É também uma denúncia do triunfo do consumidor, face ao declínio da cidadania?
Sim, o que é muito assustador. Mas sou um otimista. O mundo está interligado; muita coisa se passa ao mesmo tempo. Quem sabe se, para lá da espuma dos dias, não estarão a germinar movimentos que desconhecemos. Tento convencer-me de que, depois destes populismos, irão surgir novas formas de democracia, com instituições e cidadãos melhores, mais atentos e resistentes.
O que não nos mata, torna-nos mais forte?
Por mais vã que seja, essa é a minha maior esperança.

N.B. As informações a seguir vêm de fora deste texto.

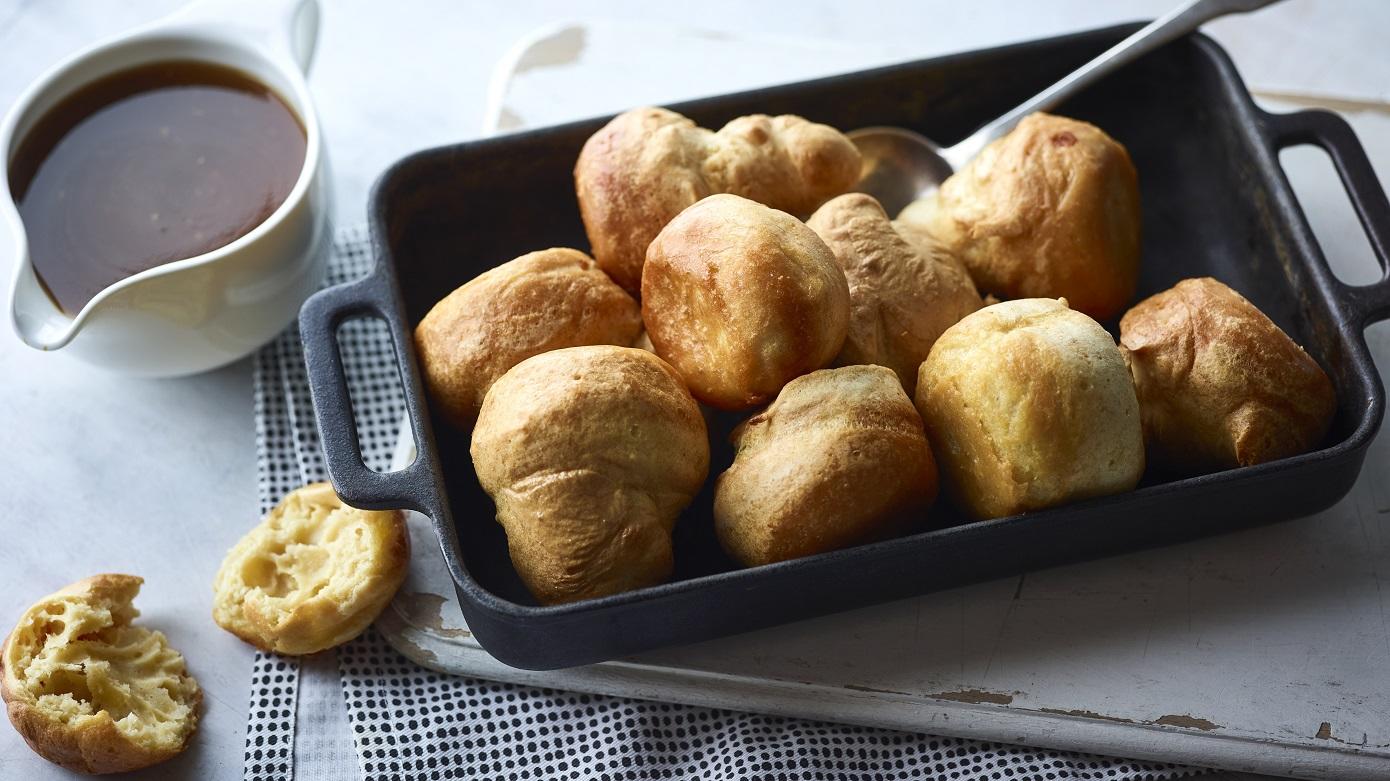vegan Yorkshire Pudding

Ao longo do seu percurso literário, tem escrito sobre temas muito atuais, como as alterações climáticas (Solar) e a Inteligência Artificial (Máquinas Como Eu). As mudanças que vê no mundo puxam-no para a escrita?
Nem sempre. Sinto que me ligo e me desligo da atualidade. Às vezes, quero muito escrever sobre vidas privadas, o que é absolutamente íntimo, como fiz em Na Praia de Chesil (Gradiva, 2007). Noutras ocasiões, sinto vontade de ir à luta.
À luta?
Sim, engajar-me com os temas atuais, defender uma causa, chamar a atenção para um assunto importante. E, nesse sentido, as alterações climáticas são muito mais importantes do que o Brexit, que não haja dúvidas disso. Inevitavelmente, esse sentimento, esse empenhamento, torna-se um enorme estímulo para escrever. E um escritor nunca se verá sem assunto. A Humanidade é demasiado agitada para se deixar cair na tranquilidade.

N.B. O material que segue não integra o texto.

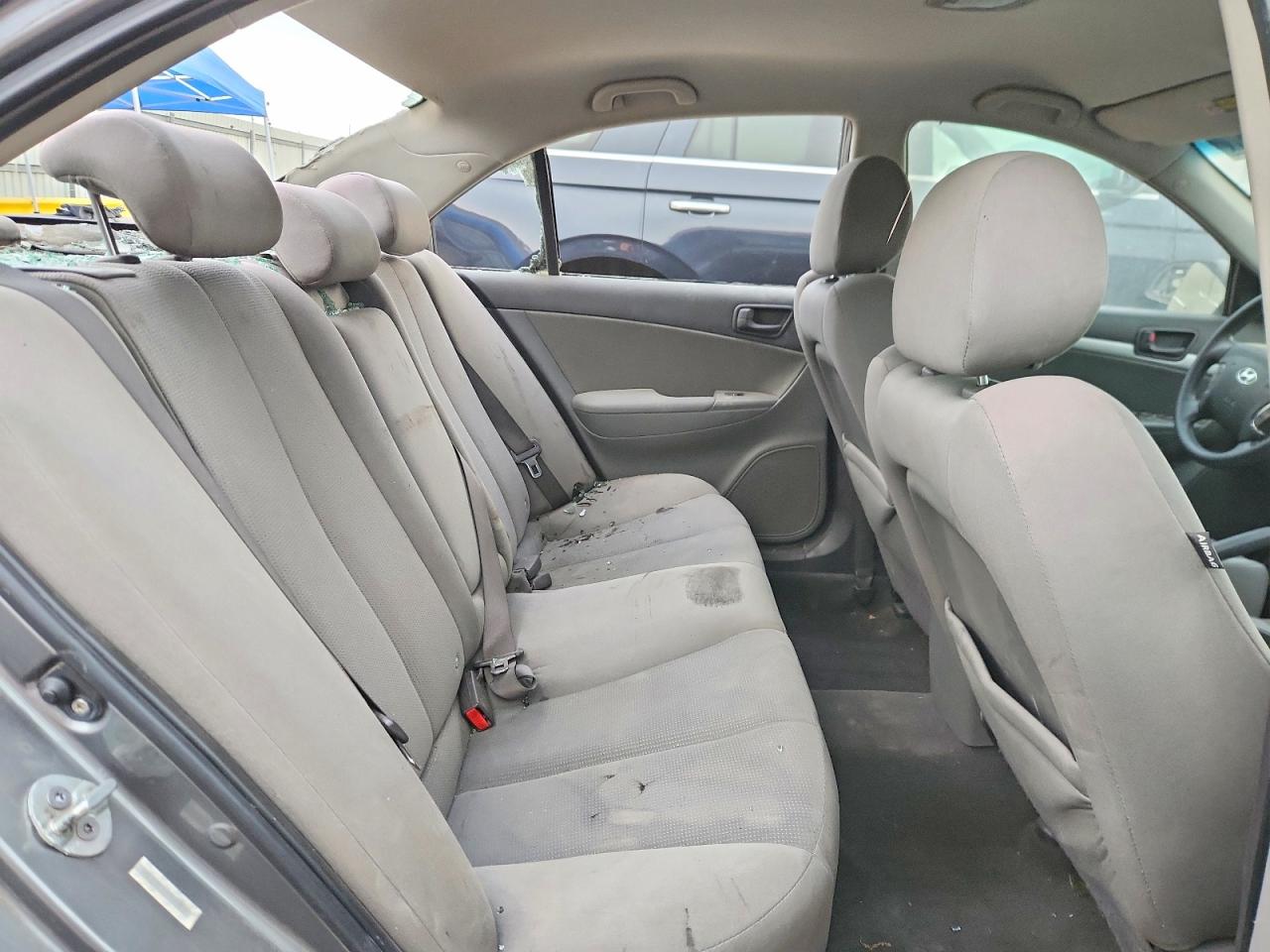 2010 Hyundai Sonata Gls Gray vin: 5NPET4AC3AH626983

E em relação à Inteligência Artificial: que preocupações o levaram a escrever um romance sobre o assunto?
Bem, a Inteligência Artificial tem o seu lado positivo. Quando compro um livro na internet, recebo logo várias sugestões de outros que podem ser do meu interesse. Por vezes, interessam-me mesmo; outras vezes, sugerem-me um dos meus livros! [Risos.] Enfrentamos grandes desafios, sobretudo porque os maiores investimentos feitos nesta área são os militares.
A robotização abre espaço à conquista de tempo livre, sobretudo com o tão falado rendimento básico universal. Vê-a como uma conquista ou como um perigo?
Ainda não há dados suficientes para se tirar uma conclusão a partir das experiências que têm sido feitas. Muitos economistas dizem que é a única maneira de manter a sociedade estável, num cenário de progressiva automatização. Levará à apatia ou conduzirá a uma redefinição do que somos, independentemente do nosso trabalho? Eis o dilema.
Esse cenário poderá representar uma idade de ouro para a arte?
Inevitavelmente, incluindo a que pode ser criada pela Inteligência Artificial. Embora medíocre, já há muita música criada por programas informáticos. Talvez a arte abstrata venha a ser um grande campo de trabalho para as máquinas. No romance, será mais difícil. Julgo que não viverei o suficiente para ver um computador a escrever um bom romance.
O que falta aos computadores?
Uma compreensão aprofundada da natureza humana.
E o mundo da imagem não matará o romance?
Não partilho do pessimismo que dominava Philip Roth no fim da sua vida. A forma literária tem sobrevivido a enormes transformações e a concorrências muito poderosas. Ainda nos dá duas coisas muito importantes. Por um lado, a representação da vida interior, de uma maneira que nenhuma outra forma de arte nos dá; por outro, uma constante reflexão sobre a relação do indivíduo com a sociedade no seu todo. Um romance será sempre escrito para um nicho, mas um nicho resiliente. Ah! Agora tenho de ir, já estou a ver o meu cão.
Uma última pergunta: como se chama o seu cão?
Rab, um pachorrento e agora muito sedado cão.